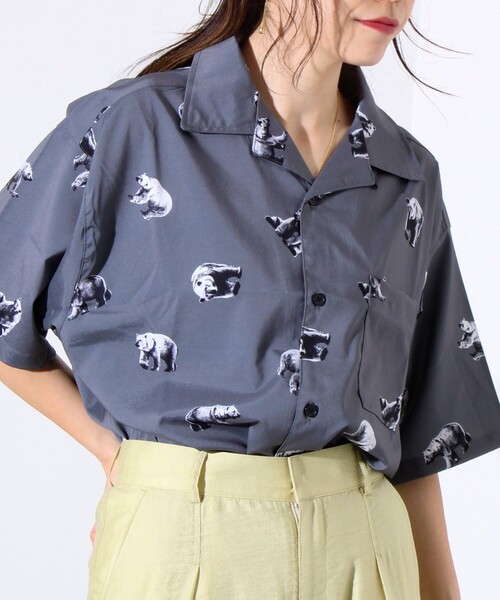 FREDY MAC（フレディーマック）の「【FREDYMAC/フレディマック】動物モチーフ 総柄 半袖オープンカラーシャツ アロハシャツ（シャツ/ブラウス・メンズ・グレー系その他2/ブラウン系その他/グレー系その他/グリーン系その他4・M/L）」の2枚目の写真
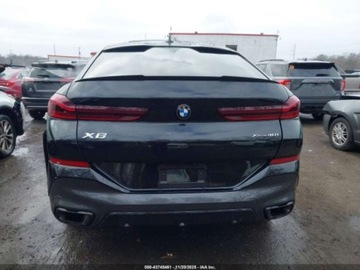 BMW X6 G06 2022 BMW X6 xDrive40i 2022 3.0 Benzyna 335KM, zdjęcie 4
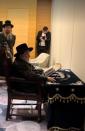 הונדעטער חסידי וויזניץ פרייען זיך יעצט מיט כ"ק אדמו"ר מוויזניץ שליט"א לרפואה שלמה צוריקקומען קיין ארץ ישראל 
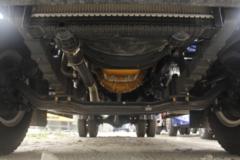 东风柳汽 乘龙H5中卡 绿通版 200马力 4X2 6.8米厢式载货车(LZ5180XXYM3AB)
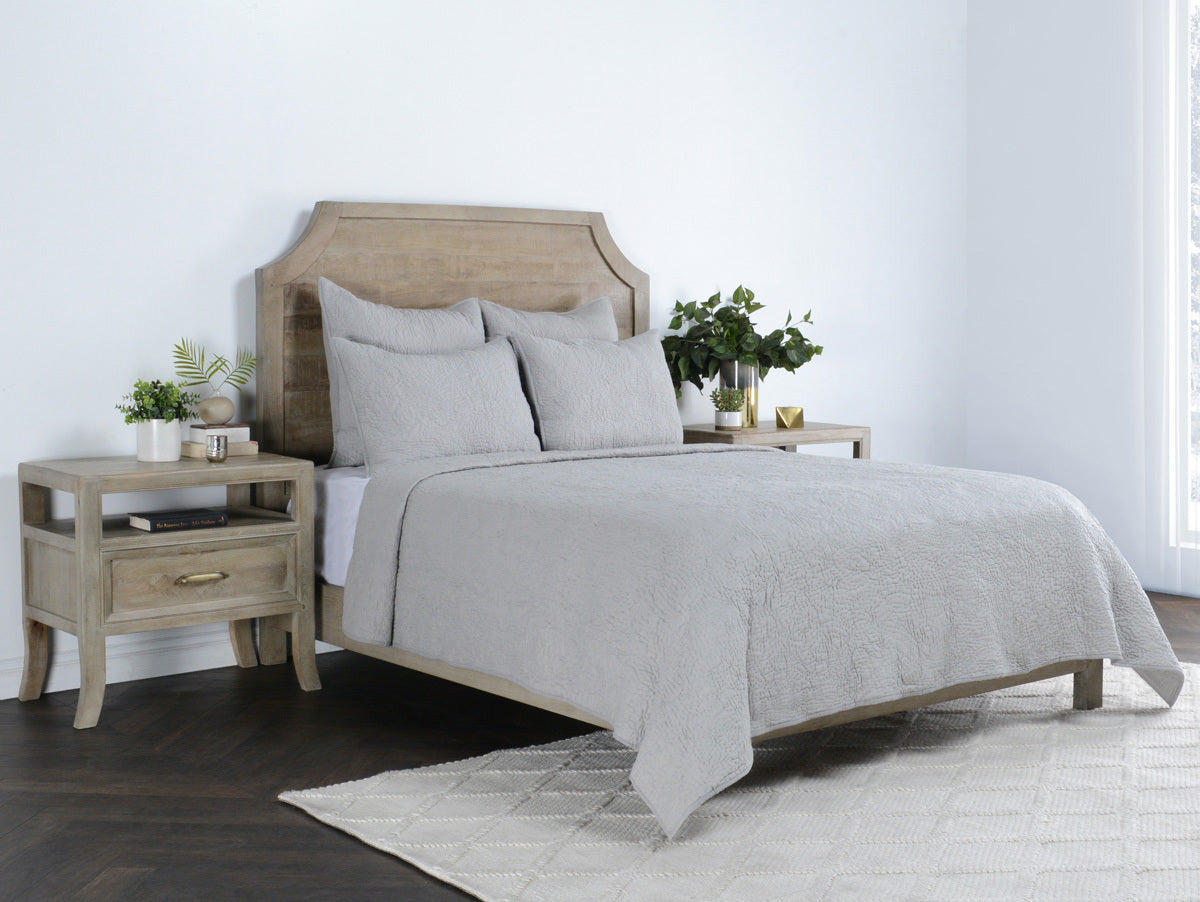 Elara Quilt Collection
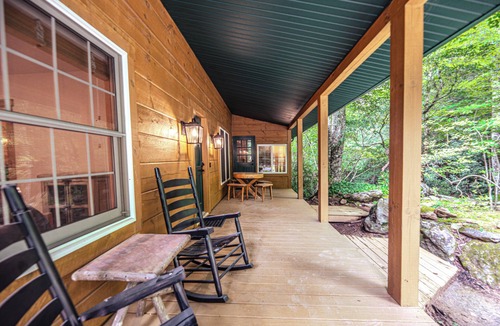 Highlands Cabin | Charming Mountain Cabin. 10 min to Highlands/Cashiers. Great WiFi & EV Charger!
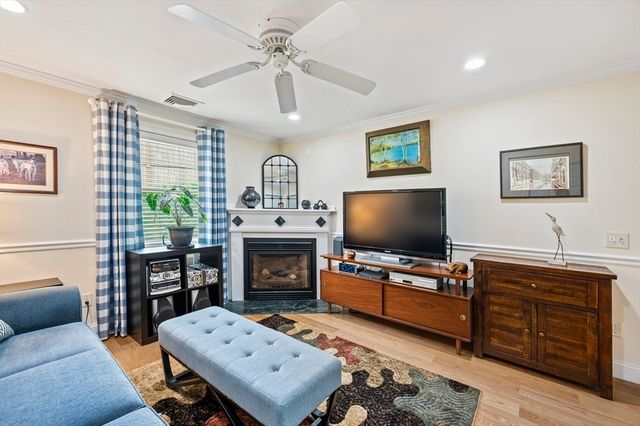 79 Brookville Ave, Brockton, MA 02302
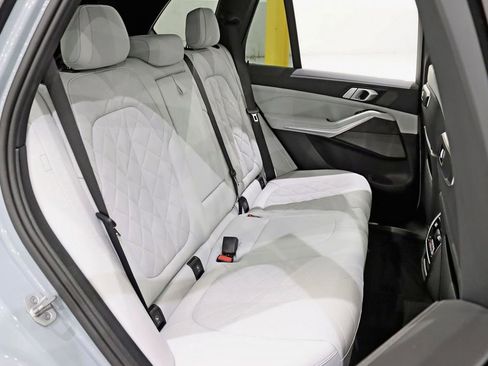 Used 2025 BMW X5 xDrive50e w/ M Sport Package AWD/4WD image 29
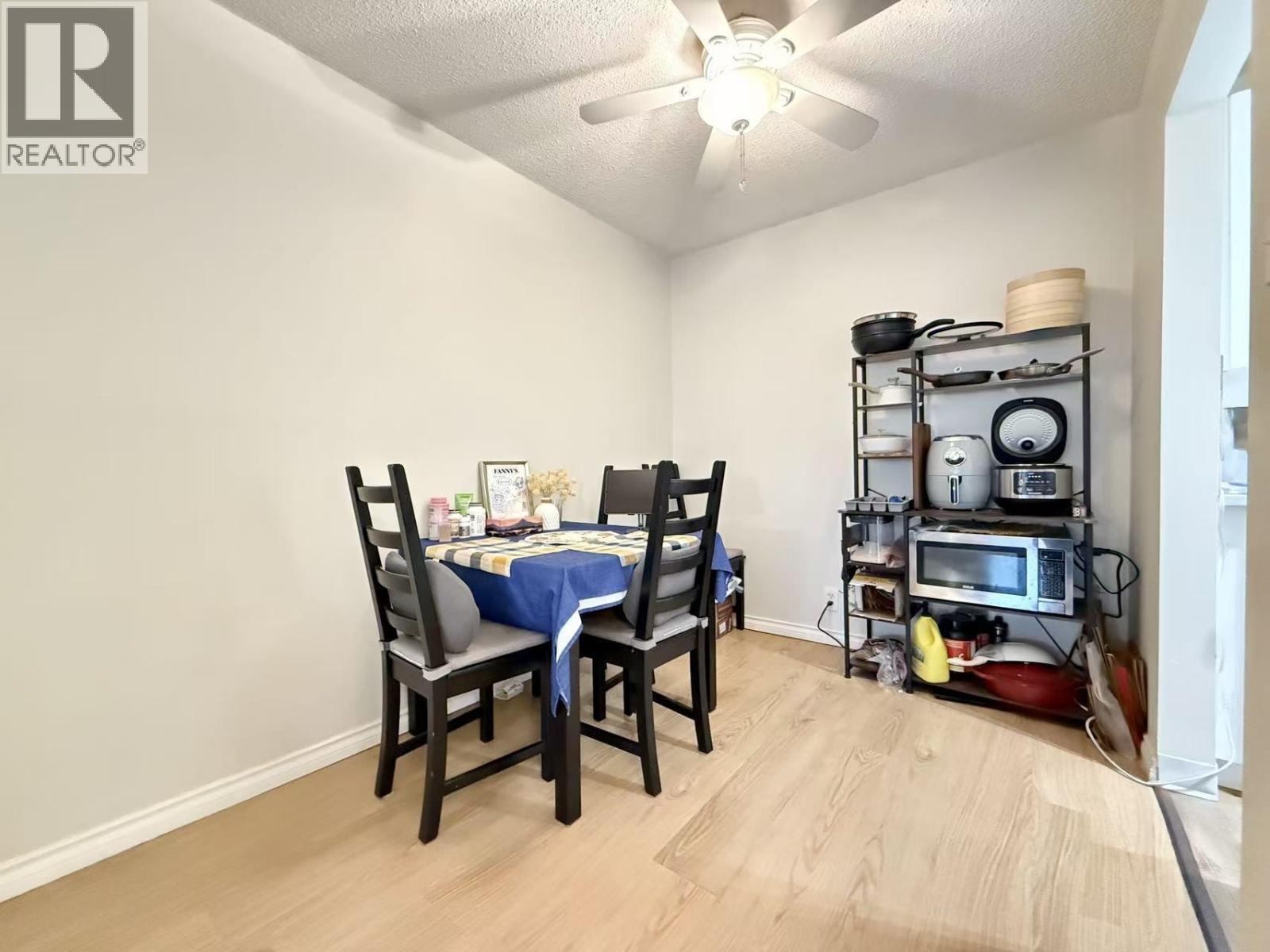 105 8511 Ackroyd Road, Richmond, BC - Indoor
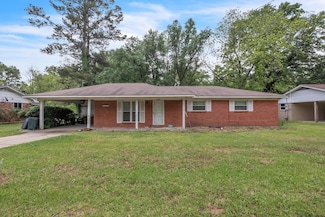 2307 Maple Dr, Starkville, MS 39759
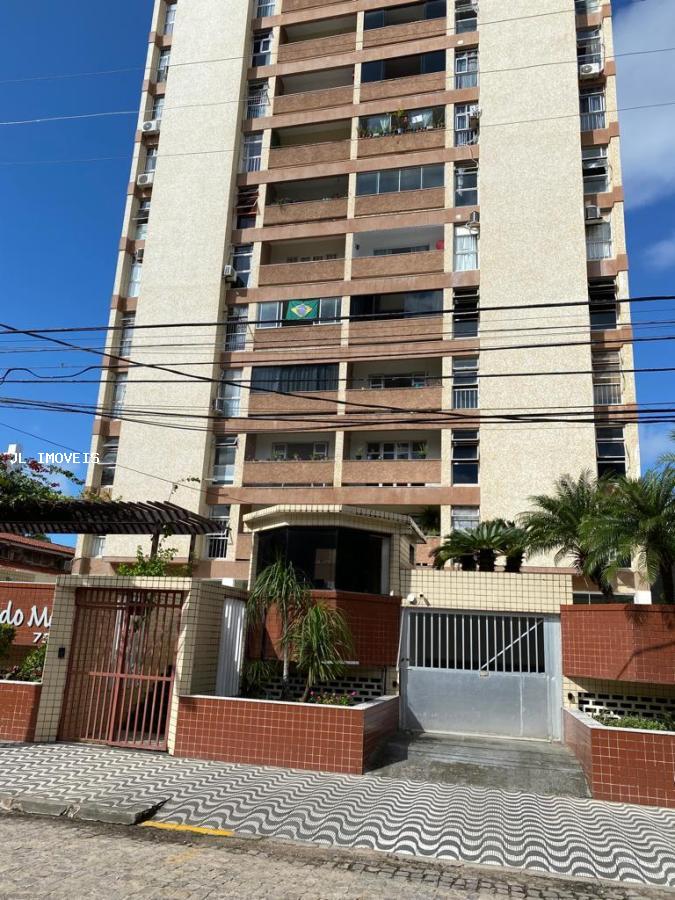 Apartamento para Venda, Natal / RN, bairro Petrópolis, 3 dormitórios, sendo  1 suíte, 2 banheiros, 1 vaga de garagem, área total 110,00 m²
════
▶ _Instructions to follow_
Output exactly, and only, the lines of the entries above from the one with "东风柳汽 乘龙H5中卡 绿通版" up to and including the one with "105 8511 Ackroyd Road, Richmond, BC - Indoor"; pictures are to be left out.

▶ _Solution for this task_
 东风柳汽 乘龙H5中卡 绿通版 200马力 4X2 6.8米厢式载货车(LZ5180XXYM3AB)
 Elara Quilt Collection
 Highlands Cabin | Charming Mountain Cabin. 10 min to Highlands/Cashiers. Great WiFi & EV Charger!
 79 Brookville Ave, Brockton, MA 02302
 Used 2025 BMW X5 xDrive50e w/ M Sport Package AWD/4WD image 29
 105 8511 Ackroyd Road, Richmond, BC - Indoor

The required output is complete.